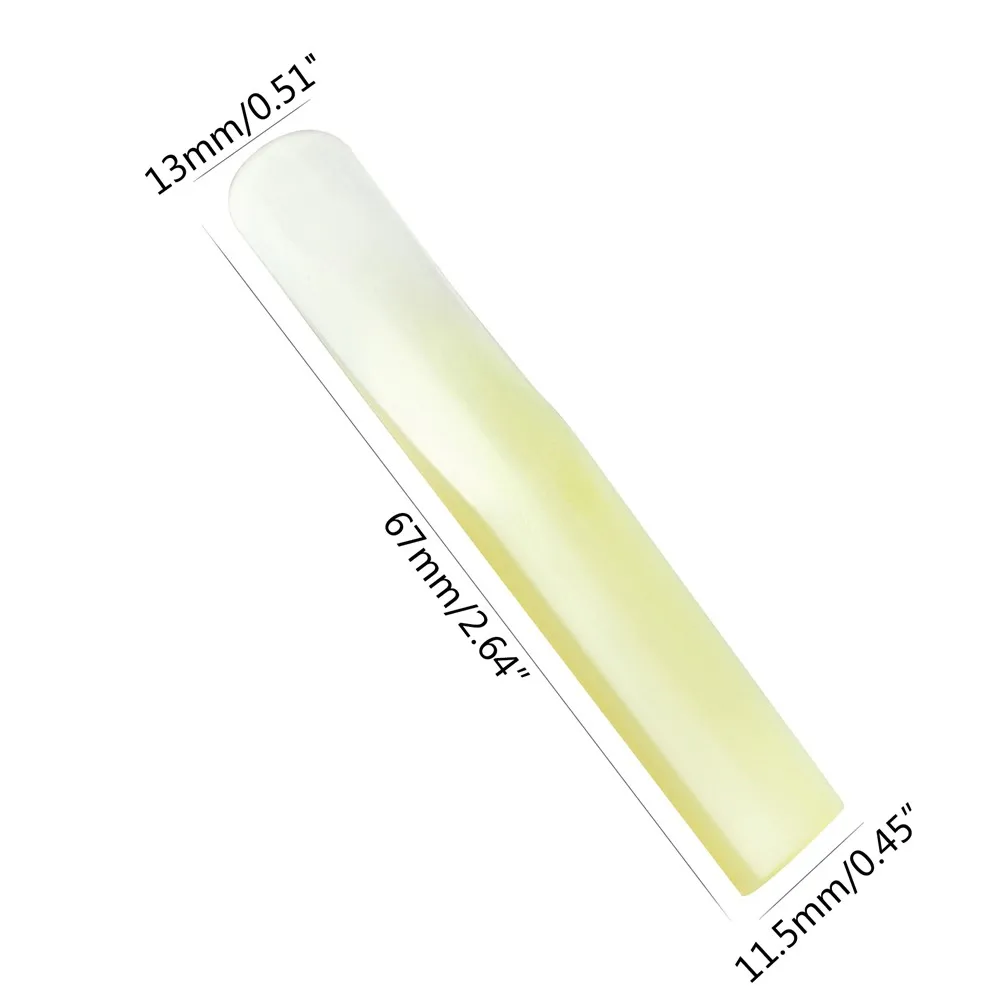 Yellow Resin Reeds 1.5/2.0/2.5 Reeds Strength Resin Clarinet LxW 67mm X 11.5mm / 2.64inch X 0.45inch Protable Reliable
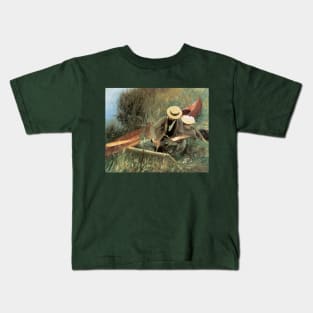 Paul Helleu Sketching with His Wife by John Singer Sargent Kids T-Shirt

- - - -

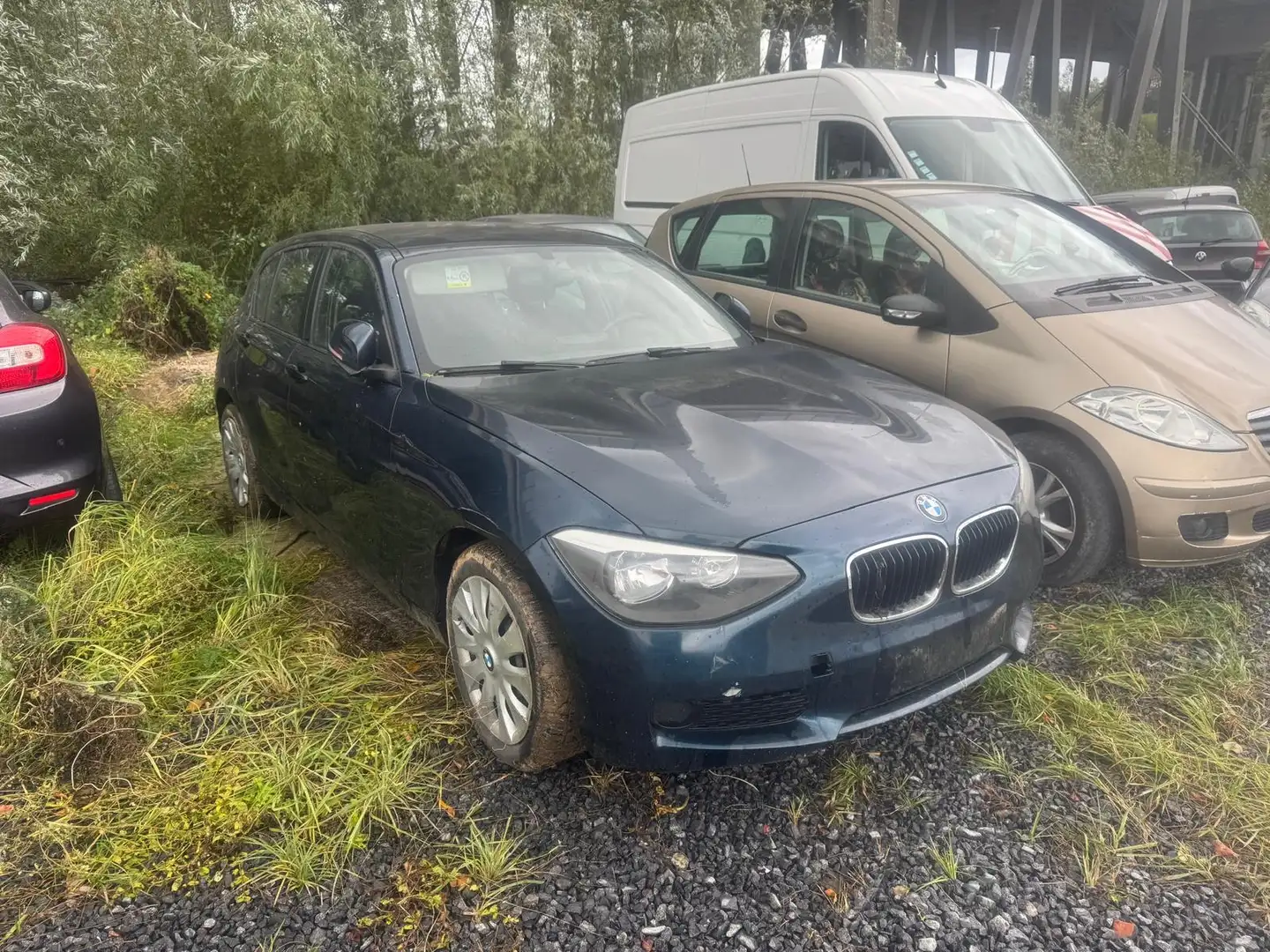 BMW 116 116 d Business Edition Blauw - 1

- - - -

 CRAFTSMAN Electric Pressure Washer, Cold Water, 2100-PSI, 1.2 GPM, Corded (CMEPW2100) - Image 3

- - - -

* _What to produce_:
Everything above from the line containing "Yellow Resin Reeds" through the line containing "Paul Helleu Sketching" must be repeated exactly, and the pictures must be left out.

* _Solution to this task_:
 Yellow Resin Reeds 1.5/2.0/2.5 Reeds Strength Resin Clarinet LxW 67mm X 11.5mm / 2.64inch X 0.45inch Protable Reliable
 Paul Helleu Sketching with His Wife by John Singer Sargent Kids T-Shirt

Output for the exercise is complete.